GRGR(3) talking dog 44.20
Keith Woodward
woodwaka at uwec.edu
Fri Jun 4 13:05:34 CDT 1999
At 09:25 AM 6/4/99 -0700, David wrote:
>rj will not doubt provide a thorough answer, but I think Keith is not
>arguing for the indeterminacy of the text, but rather for his "Readers'
>Traps" theory, where all narration must be seen through a particular
>character's consciousness, and thus "evidence" of the "supernaturalness" (or
>conditionedness, or...) of Slothrop's abilities re. the rockets can all be
>discounted as the fantasy of a particular character. This effectively
>removes all "reality" from the surreality.
I don't think that this is an instance of a reader trap. A reader trap does
not require that all narrative be relegated to a character's consciousness
(if it did, it would include texts that weren't reader traps [most of
_Ulysses_ would have to be seen as such, for example, but I don't think it
is] and texts that did have reader traps would have to fall outside of the
categorization [the reader trap re Slothrop, for example, doesn't depend on
Pointsman's narrative consciousness]. Rather, the text does look
indeterminate from a naratological standpoint because, as Doug and I were
discussing, the narrative might be read from a third-person objective POV or
it might be read from Pointsman's POV. David's problem with reader traps
is, I think, that it removes the "sur" from "surreality" and not vice versa
(as he says above). I think, for some, the theory threatens to remove the
apparent magicality from the text (or to discredit it) by discounting
Pointsman's theory re Slothrop. But that's not what I'm trying to do here.

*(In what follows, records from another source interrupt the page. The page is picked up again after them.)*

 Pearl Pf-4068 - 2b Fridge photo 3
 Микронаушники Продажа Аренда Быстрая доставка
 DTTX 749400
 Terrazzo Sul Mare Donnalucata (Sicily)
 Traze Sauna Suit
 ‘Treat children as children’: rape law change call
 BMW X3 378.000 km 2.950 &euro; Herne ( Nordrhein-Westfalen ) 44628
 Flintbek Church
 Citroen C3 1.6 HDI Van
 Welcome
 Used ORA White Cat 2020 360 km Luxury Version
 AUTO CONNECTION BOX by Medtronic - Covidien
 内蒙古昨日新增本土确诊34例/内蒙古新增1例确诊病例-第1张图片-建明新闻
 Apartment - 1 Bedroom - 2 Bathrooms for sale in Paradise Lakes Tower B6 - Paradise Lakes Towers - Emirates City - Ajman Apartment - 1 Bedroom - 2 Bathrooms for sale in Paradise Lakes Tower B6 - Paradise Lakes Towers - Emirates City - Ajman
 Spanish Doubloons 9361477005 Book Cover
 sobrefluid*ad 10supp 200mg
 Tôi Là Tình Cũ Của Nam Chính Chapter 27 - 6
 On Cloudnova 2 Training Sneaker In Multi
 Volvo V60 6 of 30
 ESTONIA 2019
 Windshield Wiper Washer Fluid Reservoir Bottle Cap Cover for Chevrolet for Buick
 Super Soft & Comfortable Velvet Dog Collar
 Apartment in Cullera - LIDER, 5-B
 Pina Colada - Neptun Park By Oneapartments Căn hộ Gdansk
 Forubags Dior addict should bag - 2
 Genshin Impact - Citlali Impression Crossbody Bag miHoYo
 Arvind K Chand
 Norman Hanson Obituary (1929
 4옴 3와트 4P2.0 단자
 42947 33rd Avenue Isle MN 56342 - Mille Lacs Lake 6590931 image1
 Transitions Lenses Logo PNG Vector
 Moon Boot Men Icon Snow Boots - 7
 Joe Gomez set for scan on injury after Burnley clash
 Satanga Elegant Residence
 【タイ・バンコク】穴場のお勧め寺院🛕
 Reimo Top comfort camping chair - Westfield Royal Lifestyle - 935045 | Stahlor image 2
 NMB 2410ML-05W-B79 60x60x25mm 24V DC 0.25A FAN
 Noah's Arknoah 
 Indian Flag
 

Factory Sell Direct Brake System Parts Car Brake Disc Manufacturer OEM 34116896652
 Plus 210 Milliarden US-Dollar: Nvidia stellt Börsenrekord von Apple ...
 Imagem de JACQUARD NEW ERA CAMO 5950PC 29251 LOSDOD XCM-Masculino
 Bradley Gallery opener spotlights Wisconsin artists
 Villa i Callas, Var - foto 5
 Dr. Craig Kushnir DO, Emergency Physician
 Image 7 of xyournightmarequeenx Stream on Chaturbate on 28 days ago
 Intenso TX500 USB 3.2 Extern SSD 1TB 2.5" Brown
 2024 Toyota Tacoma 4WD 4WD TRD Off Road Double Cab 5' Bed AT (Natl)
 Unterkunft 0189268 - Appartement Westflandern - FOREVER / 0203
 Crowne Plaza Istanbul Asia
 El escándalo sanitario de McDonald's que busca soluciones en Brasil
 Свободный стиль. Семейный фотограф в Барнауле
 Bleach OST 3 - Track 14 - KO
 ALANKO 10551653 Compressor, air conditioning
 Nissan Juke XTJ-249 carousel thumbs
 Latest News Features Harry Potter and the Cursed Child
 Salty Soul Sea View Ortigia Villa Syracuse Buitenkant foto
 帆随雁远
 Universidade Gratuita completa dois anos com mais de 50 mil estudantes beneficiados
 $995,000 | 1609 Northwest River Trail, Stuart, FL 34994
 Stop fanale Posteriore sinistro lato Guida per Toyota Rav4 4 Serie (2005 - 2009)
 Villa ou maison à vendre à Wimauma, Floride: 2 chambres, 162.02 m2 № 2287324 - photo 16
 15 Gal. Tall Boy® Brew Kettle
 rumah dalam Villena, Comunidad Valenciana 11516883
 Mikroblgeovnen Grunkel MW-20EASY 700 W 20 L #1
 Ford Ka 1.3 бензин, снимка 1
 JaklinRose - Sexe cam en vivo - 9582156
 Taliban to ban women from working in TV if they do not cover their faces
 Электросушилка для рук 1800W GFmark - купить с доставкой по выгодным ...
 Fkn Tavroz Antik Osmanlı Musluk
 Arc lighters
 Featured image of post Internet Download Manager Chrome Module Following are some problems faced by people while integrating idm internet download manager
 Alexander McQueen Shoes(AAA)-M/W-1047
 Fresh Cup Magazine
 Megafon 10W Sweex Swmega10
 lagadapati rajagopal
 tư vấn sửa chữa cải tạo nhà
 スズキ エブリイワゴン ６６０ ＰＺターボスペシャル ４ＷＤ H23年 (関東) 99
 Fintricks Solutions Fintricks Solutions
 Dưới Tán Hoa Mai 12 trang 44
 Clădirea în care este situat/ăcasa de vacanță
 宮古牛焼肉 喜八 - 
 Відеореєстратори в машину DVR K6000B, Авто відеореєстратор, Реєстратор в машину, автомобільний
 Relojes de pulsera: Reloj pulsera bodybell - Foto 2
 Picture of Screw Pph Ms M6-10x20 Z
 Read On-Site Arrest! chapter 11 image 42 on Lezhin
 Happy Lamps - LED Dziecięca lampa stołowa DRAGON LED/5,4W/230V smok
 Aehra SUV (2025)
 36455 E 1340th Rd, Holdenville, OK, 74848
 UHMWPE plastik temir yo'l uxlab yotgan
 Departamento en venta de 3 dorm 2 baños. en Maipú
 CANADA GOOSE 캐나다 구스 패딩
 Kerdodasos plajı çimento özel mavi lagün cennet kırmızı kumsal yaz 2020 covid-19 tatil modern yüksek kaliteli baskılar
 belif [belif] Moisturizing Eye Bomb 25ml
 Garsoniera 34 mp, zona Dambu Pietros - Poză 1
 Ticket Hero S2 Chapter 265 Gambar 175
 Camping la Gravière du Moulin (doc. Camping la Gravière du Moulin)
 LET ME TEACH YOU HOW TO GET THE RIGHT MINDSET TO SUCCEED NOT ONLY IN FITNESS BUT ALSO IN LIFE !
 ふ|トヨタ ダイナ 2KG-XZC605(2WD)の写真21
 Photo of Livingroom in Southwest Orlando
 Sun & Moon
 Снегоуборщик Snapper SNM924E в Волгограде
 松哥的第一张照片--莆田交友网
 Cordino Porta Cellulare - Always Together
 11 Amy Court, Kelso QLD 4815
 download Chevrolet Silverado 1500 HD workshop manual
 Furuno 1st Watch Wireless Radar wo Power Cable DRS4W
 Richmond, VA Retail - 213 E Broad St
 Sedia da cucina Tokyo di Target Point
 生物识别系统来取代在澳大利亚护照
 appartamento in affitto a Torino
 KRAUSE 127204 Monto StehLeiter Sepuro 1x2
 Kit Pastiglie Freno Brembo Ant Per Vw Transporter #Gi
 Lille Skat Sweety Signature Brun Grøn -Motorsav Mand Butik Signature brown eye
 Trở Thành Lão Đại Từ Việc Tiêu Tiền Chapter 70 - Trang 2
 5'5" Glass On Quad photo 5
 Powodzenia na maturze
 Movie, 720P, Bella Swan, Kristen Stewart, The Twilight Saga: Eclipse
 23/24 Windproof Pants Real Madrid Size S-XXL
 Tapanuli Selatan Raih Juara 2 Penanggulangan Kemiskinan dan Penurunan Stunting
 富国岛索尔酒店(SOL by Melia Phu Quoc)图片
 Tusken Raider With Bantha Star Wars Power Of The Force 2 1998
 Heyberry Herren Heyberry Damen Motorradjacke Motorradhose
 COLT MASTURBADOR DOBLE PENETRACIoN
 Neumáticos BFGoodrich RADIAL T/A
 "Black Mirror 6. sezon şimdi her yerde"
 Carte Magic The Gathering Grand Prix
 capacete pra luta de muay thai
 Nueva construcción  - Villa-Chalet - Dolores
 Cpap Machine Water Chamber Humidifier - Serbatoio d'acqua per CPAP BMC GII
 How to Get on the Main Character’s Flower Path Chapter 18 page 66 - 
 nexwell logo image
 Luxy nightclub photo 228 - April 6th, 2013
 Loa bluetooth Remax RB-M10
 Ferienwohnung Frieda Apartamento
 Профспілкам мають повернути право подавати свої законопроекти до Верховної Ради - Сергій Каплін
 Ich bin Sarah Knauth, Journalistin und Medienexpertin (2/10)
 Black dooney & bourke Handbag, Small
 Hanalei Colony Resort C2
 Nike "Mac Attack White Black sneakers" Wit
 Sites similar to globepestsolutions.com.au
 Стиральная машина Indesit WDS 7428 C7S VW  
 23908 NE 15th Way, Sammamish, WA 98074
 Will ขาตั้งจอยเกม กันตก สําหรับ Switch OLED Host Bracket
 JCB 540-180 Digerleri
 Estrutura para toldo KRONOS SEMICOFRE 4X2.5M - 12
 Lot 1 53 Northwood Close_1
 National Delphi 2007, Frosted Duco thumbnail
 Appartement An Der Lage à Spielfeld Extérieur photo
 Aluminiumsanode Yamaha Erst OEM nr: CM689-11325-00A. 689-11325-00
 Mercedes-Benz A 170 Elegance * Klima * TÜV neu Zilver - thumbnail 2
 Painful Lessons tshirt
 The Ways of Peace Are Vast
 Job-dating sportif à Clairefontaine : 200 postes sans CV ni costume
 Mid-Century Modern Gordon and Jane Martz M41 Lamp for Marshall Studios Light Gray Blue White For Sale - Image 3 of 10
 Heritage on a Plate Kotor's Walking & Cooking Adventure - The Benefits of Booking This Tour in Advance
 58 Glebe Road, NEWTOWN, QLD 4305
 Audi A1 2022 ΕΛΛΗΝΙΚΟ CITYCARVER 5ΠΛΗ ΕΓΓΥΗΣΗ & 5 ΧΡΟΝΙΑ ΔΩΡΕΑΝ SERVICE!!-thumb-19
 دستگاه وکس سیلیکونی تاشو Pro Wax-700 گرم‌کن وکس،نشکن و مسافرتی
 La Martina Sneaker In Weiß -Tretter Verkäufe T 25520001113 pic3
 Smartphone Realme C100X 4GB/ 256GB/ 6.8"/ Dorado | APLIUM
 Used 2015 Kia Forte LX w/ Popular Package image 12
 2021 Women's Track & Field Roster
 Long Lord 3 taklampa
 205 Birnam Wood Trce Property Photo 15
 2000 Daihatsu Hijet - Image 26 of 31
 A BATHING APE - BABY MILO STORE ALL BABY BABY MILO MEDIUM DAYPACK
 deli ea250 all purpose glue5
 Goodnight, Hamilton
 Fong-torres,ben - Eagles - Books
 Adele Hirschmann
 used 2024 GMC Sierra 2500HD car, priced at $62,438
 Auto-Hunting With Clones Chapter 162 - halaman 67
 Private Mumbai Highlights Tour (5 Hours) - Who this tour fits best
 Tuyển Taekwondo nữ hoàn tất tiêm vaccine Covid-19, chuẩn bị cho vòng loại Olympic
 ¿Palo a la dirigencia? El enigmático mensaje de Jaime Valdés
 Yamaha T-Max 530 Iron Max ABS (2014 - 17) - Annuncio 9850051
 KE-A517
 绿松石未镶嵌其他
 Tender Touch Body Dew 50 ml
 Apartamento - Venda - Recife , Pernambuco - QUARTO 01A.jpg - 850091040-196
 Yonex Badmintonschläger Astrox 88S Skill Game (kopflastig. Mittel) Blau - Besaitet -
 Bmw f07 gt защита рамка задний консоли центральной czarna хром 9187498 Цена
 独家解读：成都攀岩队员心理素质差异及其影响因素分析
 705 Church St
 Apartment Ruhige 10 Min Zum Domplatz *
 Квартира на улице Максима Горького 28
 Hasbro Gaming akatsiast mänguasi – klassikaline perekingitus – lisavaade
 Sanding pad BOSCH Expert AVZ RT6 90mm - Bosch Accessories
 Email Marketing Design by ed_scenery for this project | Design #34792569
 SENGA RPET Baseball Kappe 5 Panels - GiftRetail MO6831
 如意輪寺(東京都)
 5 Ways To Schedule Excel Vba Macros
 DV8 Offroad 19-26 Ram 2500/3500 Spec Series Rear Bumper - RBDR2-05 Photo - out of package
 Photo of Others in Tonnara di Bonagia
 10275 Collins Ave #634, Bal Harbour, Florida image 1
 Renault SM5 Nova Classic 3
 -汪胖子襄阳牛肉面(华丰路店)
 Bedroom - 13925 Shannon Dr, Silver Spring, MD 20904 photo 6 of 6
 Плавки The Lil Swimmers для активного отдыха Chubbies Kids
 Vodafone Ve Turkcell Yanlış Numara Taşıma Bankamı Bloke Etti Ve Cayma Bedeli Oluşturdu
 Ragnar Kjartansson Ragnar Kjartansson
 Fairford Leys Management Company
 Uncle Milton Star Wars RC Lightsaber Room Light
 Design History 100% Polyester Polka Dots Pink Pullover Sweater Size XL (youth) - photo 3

Rather, it's not problematic to read the dog as thinking x, but bits of the
language regarding his thought also appear to use a language to describe it
that Pointsman would also use. It seems to me that it could go either way,
thus it's indeterminate. To argue for a strict surrealism in the text is
not necessarily to argue for indeterminacy (because then we can
determinately say about the text that it is indeterminate).